Through the Looking Glass Children's Book Reviews
Ingo
Fiction
For ages 12 and up
HarperCollins, 2008 ISBN: 978-0060818548
Sapphire and her brother Conor have spent their entire lives within sound and sight of the sea, and they love it dearly. Their feelings cannot help changing somewhat however when their father goes out in his boat one day and never comes back. Both of the children are somehow sure that he did not drown and that he is not dead.

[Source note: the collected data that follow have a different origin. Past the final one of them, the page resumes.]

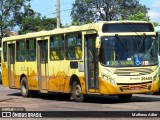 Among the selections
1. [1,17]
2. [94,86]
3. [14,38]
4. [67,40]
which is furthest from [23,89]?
[1,17]

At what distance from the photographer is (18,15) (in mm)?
87438

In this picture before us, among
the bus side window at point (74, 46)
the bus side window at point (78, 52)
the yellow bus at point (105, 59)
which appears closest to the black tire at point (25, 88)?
the yellow bus at point (105, 59)

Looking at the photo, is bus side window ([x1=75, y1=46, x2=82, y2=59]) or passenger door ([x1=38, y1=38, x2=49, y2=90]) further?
passenger door ([x1=38, y1=38, x2=49, y2=90])

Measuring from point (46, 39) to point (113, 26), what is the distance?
4558 mm

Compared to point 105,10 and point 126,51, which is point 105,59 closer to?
point 126,51

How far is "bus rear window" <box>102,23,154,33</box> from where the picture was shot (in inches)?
738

A year after her father's disappearance Conor starts spending long periods of time away from home. Sapphy has no idea where it is that he is going until the day when she sees him sitting on a rock in their cove talking to a girl. When she follows Conor on his next sojourn to the cove, Sapphy discovers what Conor is really up to. She meets Faro, a Mer boy, and he takes her into Ingo, the sea world. Because she is with Faro, Sapphy finds that she able to breathe, and see, and hear underwater. Not only that, but she begins to forget her Air world and life. She even begins to forget Mum and Conor. When she finally comes out of the sea and returns home, she finds out she has been gone almost twenty-four hours.
After this, Ingo seems to tug at her heart all the time. Staying out of the water is almost more than she can bear. Sapphy and her brother come to learn from the local wise woman that both the children have Mer blood in them, and that it is possible that their father may have been unable to ignore the call of Ingo. Can Sapphy stay rooted to the land with her mother and brother or will her ties to the sea pull her out the waves?

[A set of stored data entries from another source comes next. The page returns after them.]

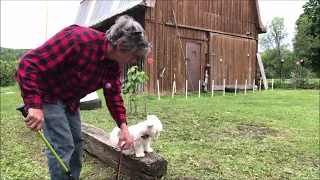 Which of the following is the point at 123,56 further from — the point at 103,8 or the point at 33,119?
the point at 103,8

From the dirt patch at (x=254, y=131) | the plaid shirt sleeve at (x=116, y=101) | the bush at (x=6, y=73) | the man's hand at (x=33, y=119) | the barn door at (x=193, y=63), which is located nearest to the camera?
the man's hand at (x=33, y=119)

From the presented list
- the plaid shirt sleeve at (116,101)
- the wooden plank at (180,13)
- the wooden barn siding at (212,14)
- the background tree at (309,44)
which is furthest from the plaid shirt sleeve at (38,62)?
the background tree at (309,44)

This unique fantasy title takes a very different look at a very old story. Helen Dunmore not only explores Sapphy's struggle with who she is, but she also looks at her relationships with her brother, her mother, and her father. Then there is that often difficult relationship that man has with sea. Though many people love the sea, there is also that tendency to want to dominate it without really trying to understand, appreciate, and respect it. Using the Mer and Ingo itself as mouthpieces, Helen Dunmore speaks for the sea and its creatures.